Der Kanzler erklärt sich: «Kein Wechsel in Israel-Politik»
Autor: Theresa Münch, dpa
, Sonntag, 10. August 2025
Die humanitäre Situation im Gazastreifen wird immer katastrophaler. Merz wird für den Teilstopp von Rüstungsexporten nach Israel heftig kritisiert. Jetzt geht der Kanzler in die Offensive.
Schadensbegrenzung durch den Bundeskanzler höchst persönlich: Friedrich Merz hat öffentlich seine Israel-Politik erklärt und den in eigenen Reihen heftig umstrittenen Teilstopp von Rüstungsexporten verteidigt. «Die Grundsätze der deutschen Israel-Politik sind unverändert», betonte der CDU-Chef in einem Interview der ARD-«Tagesthemen». «Wir werden diesem Land auch weiter helfen, sich zu verteidigen.» Aber die Bundesregierung könne nicht Waffen liefern in einen Konflikt, der Hunderttausende zivile Opfer fordern könnte.

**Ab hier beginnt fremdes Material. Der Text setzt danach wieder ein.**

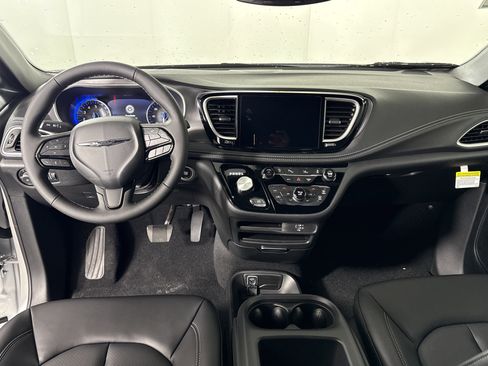 New 2026 Chrysler Pacifica Select image 15
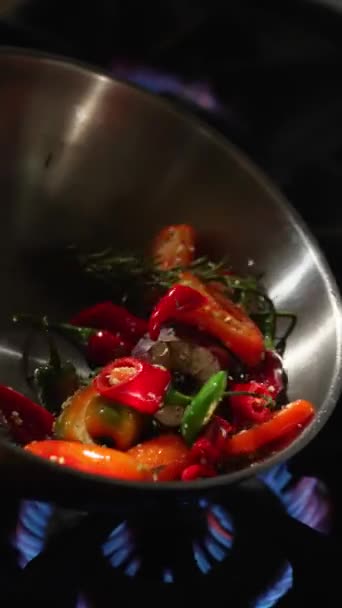 Primer Plano Chef Tirando Verduras Una Sartén Mientras Cocina Cocina — Vídeos de Stock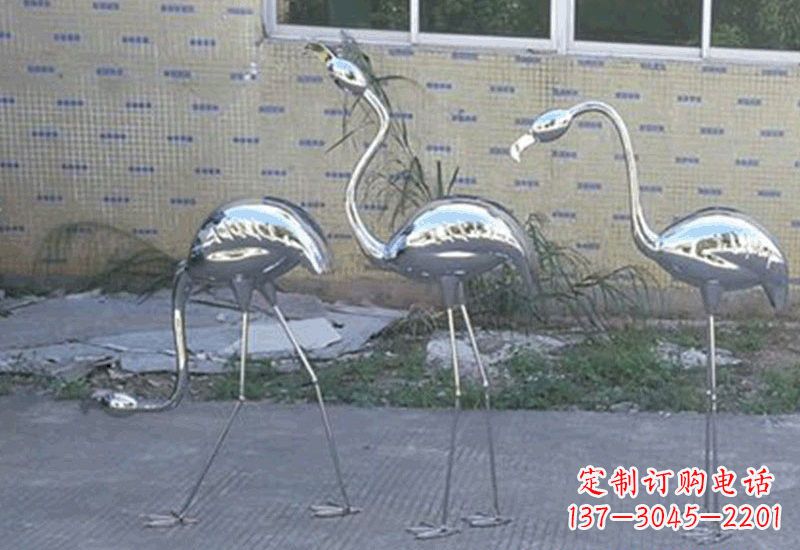 泰州不锈钢火烈鸟雕塑给人以美好的视觉享受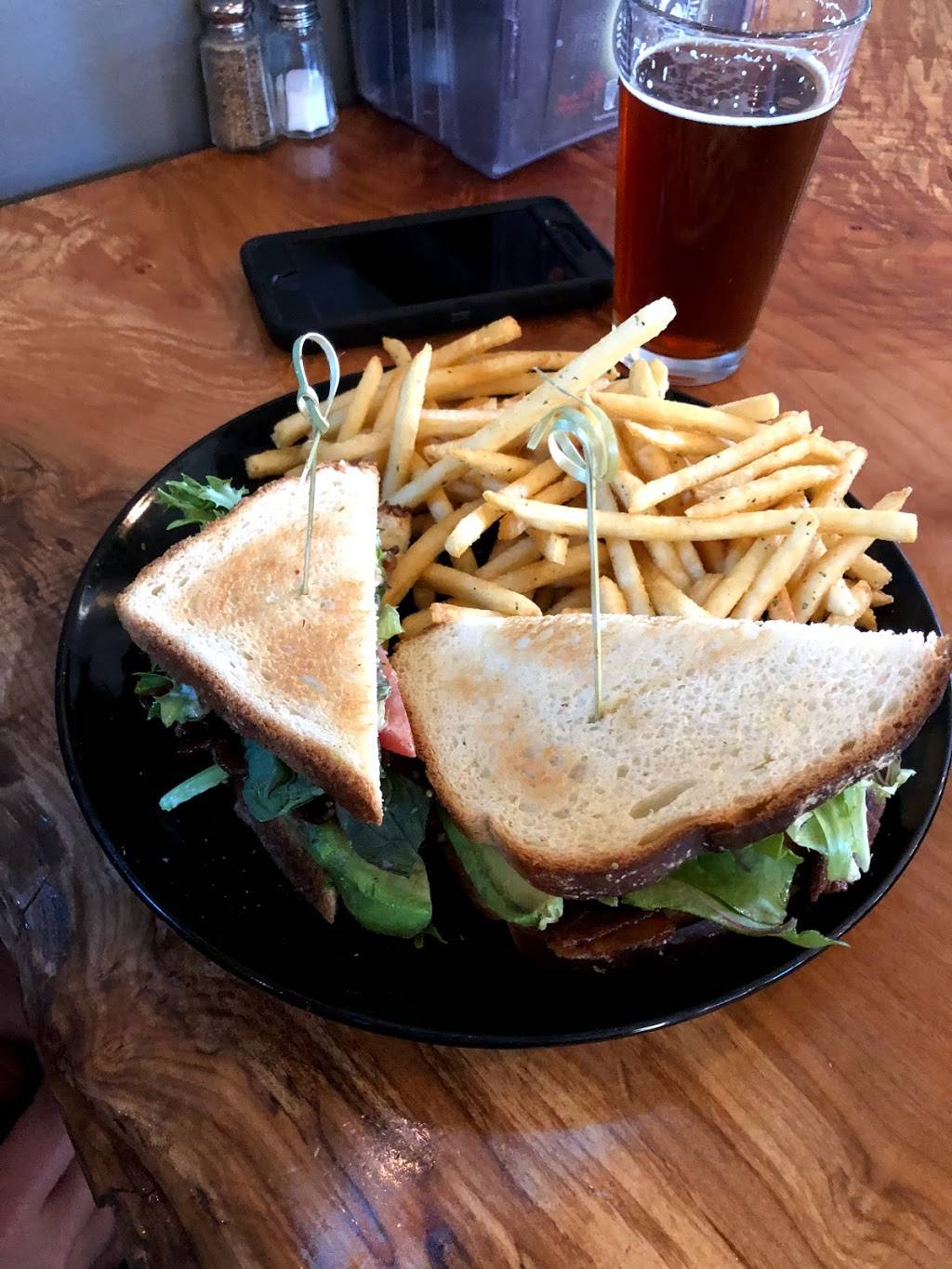 Ridgewalker Brewing Company | restaurant | 1921 21st Ave, Forest Grove, OR 97116, USA | 5037470271 OR +1 503-747-0271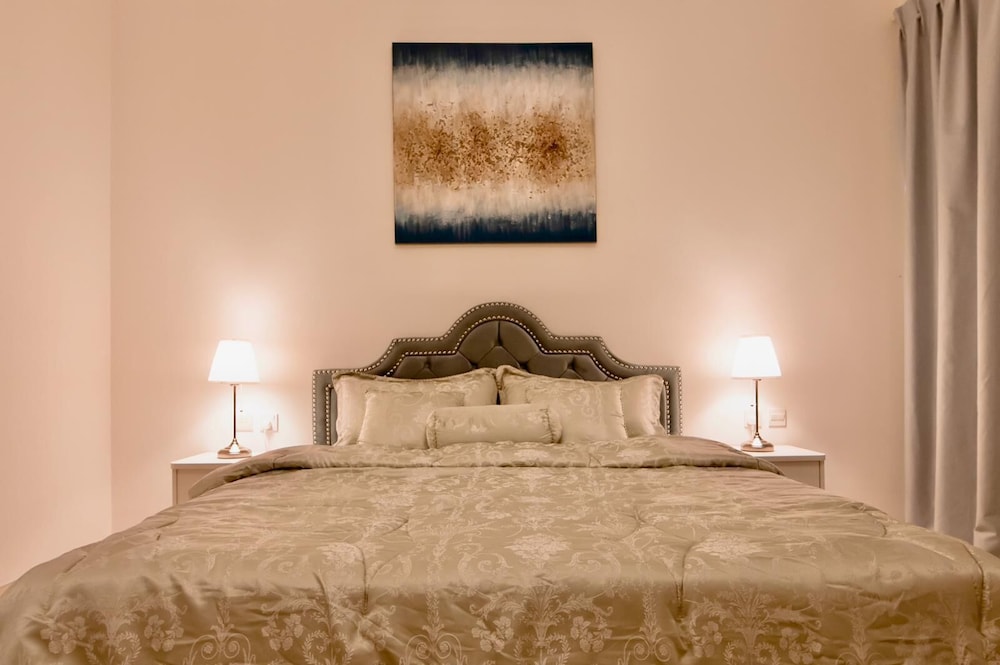 SIMPLY COMFORT Amazing BeachFront Apartments near Atlantis Waterpark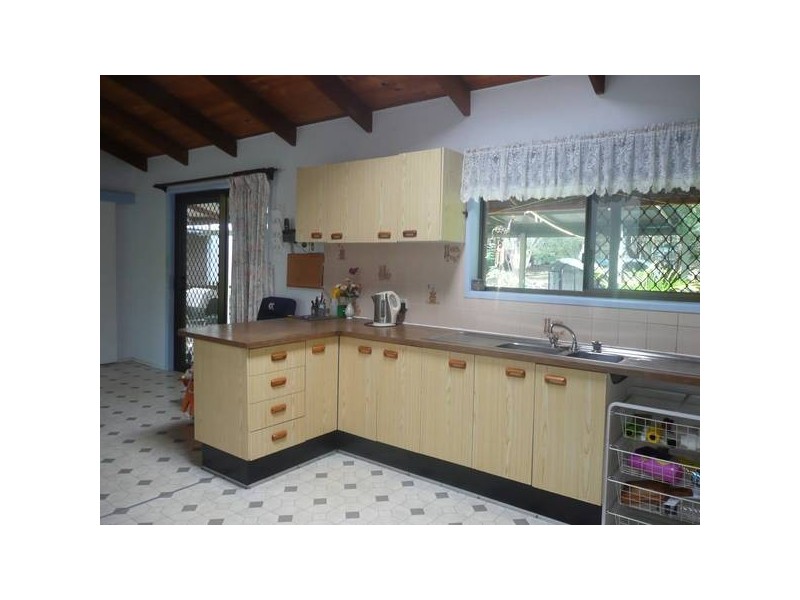 27 Wilkie St, Redbank Plains QLD 4301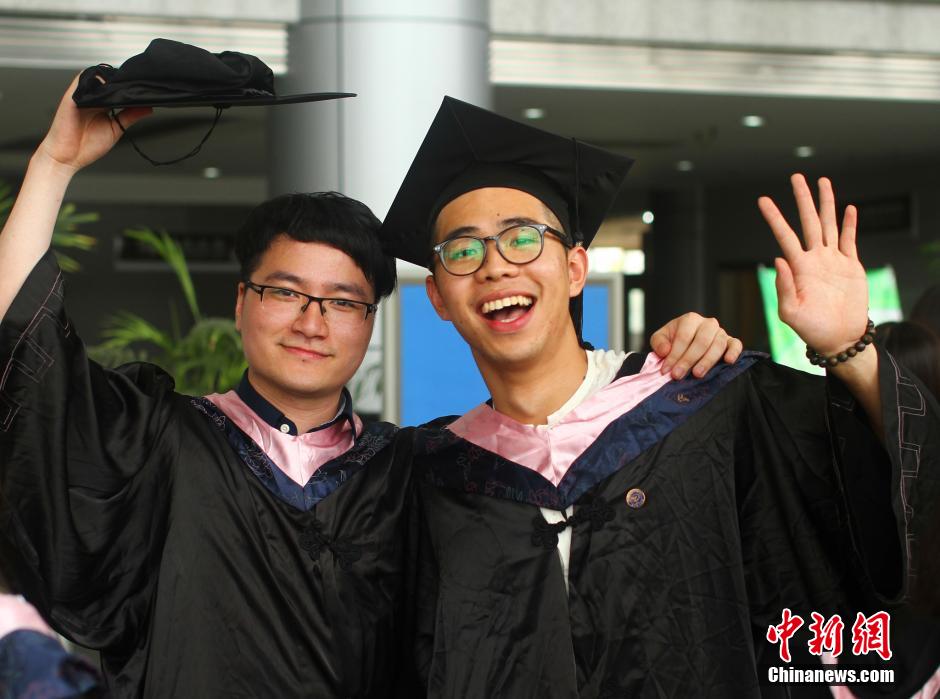 6月6日，浙江理工大學(xué)的畢業(yè)生們?cè)谛@中以賣萌、搞怪等獨(dú)具青春特色的方式告別大學(xué)生涯。中新社發(fā) 李晨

Elf Sätze - heftige Reaktionen
Für Merz ist es eine Flucht nach vorn - denn er war in den vergangenen Tagen in der eigenen Partei, in der Schwesterpartei CSU und auch in der Öffentlichkeit immer stärker unter Druck geraten. Der Auslöser: Elf Sätze, am Freitagmittag veröffentlicht. Die schwarz-rote Bundesregierung werde bis auf weiteres keine Exporte von Rüstungsgütern mehr genehmigen, die im Gazastreifen zum Einsatz kommen könnten, erklärte Merz.
Der Kanzler begründete seine Entscheidung mit der israelischen Ankündigung, den Militäreinsatz in der Region ausweiten und die Stadt Gaza einnehmen zu wollen. Welche Rüstungsgüter genau nun nicht mehr geliefert werden sollen - und welche Auswirkungen das überhaupt in Israel haben könnte, blieb offen.
Vizekanzler Lars Klingbeil (SPD) signalisierte sofort öffentlich seine Unterstützung. Aus der CSU und Teilen von Merz eigener Partei dagegen kam heftige Entrüstung: Mehrere Unionsabgeordnete sprachen von einem schweren Fehler. Außenpolitiker Roderich Kiesewetter schrieb auf X: «Die Glaubwürdigkeit unserer Staatsräson bemisst sich gerade an der Sicherheitskooperation und der Zusage, jüdisches Leben und den Staat Israel zu schützen.»
Die CSU beklagte, sie sei an der Entscheidung nicht beteiligt gewesen und halte sie für bedenklich. CSU-Landesgruppenchef Alexander Hoffmann kritisierte: «Das wäre eine Abkehr von Jahrzehnten außenpolitischer Kontinuität gegenüber Israel und als solche zumindest erklärungsbedürftig.» Er kündigte an: «Wir werden dazu interne Gespräche in der Koalition führen.» Auch wenn sich Parteichef Markus Söder nicht offiziell äußert - so klar stellt sich die Schwesterpartei nur selten gegen den Kanzler.
In der Unionsfraktion im Bundestag zog man zudem die nächste Eskalationsstufe und vereinbarte eine Videoschalte der Außenpolitiker mit Merz' außenpolitischem Berater Günter Sautter.
Merz: Eine Freundschaft muss das aushalten
Noch vor dieser Aussprache suchte Merz nun selbst die Öffentlichkeit. Fernseh-Interviews des Kanzlers sind durchaus selten - zumal in der politischen Sommerpause. Das zeigt, die wichtig man die Auseinandersetzung im Kanzleramt nimmt.